- **Instructions for the task**
Repeat only the lines from the one that contains "this 852×567 image." through the final line of the listing below, exactly, please, without pictures.

- **Extracted data**
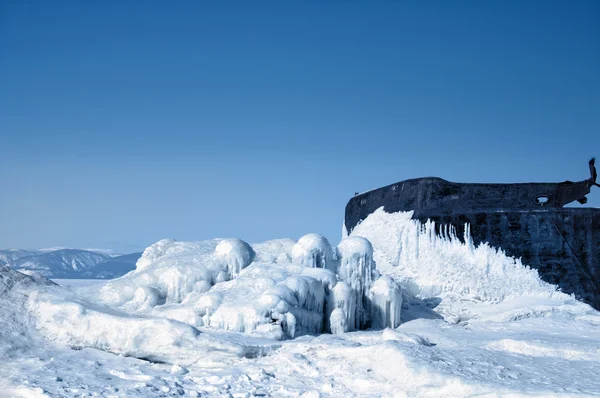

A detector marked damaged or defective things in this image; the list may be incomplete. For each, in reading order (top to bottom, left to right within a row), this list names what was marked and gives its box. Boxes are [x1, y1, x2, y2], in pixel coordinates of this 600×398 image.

rusty metal hull [344, 178, 600, 310]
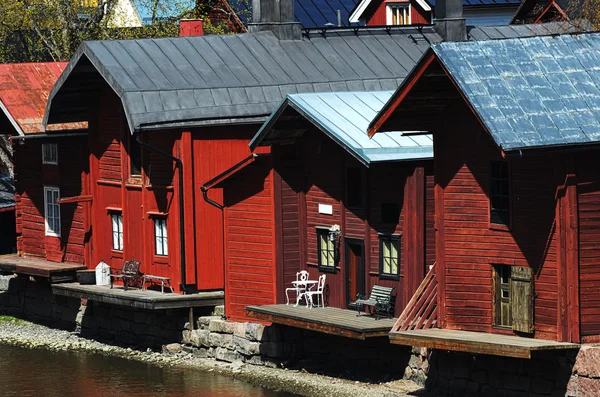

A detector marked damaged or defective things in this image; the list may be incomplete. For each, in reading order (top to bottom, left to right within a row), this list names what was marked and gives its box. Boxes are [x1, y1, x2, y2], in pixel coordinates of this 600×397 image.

rusty red roof [0, 62, 88, 135]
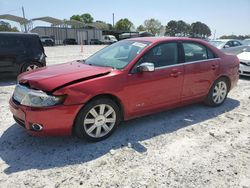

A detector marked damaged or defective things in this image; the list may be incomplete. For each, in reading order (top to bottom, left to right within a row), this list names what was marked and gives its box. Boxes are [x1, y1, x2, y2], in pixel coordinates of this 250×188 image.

crumpled hood [19, 61, 113, 91]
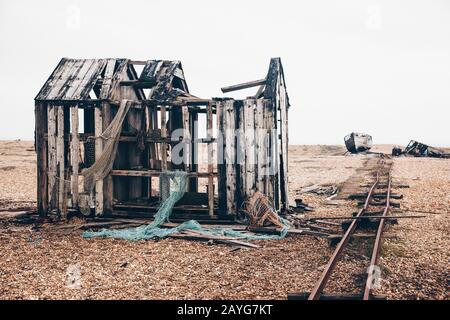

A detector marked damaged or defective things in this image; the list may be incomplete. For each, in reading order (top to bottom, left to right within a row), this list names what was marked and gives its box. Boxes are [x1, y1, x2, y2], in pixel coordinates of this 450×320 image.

rusty rail track [308, 170, 392, 300]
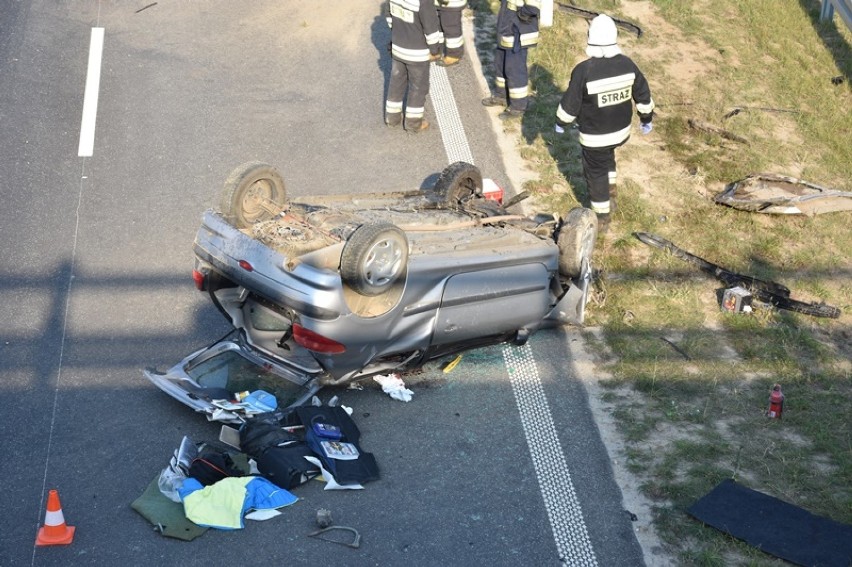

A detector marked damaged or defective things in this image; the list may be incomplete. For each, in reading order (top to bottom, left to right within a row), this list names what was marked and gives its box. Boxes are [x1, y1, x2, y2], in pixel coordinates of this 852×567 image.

overturned silver car [146, 161, 596, 422]
torn metal sheet [716, 173, 848, 215]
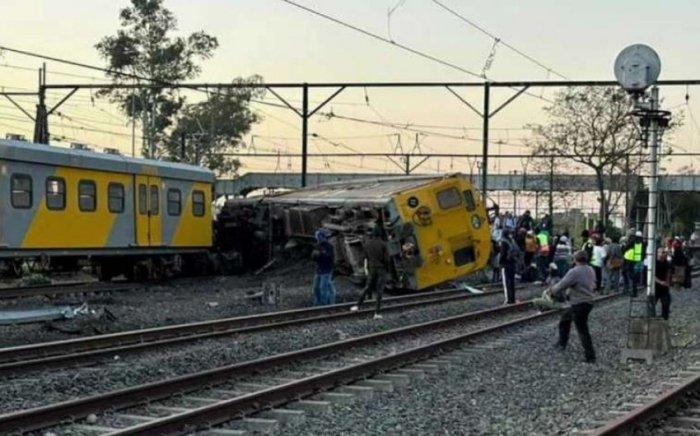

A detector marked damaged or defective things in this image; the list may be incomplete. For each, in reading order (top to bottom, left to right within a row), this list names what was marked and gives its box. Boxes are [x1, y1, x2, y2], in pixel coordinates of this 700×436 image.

- **Solution to this problem**
A detector marked damaged or defective things in this image; the list may be incomplete. For each, in reading order (top to bottom, left to right within a row), this list names what was marked and gives its box. Boxes are [x1, y1, x2, y2], in pixel coordinates of this 852×567 image.

overturned silver car [146, 161, 596, 422]
torn metal sheet [716, 173, 848, 215]

A detector marked damaged or defective things in this image; the list may be incomplete. For each, in reading order (top to bottom, left to right within a row), this list names what was marked and gives its box. Boxes are [x1, y1, x2, y2], in pixel coordinates of this 700×436 image.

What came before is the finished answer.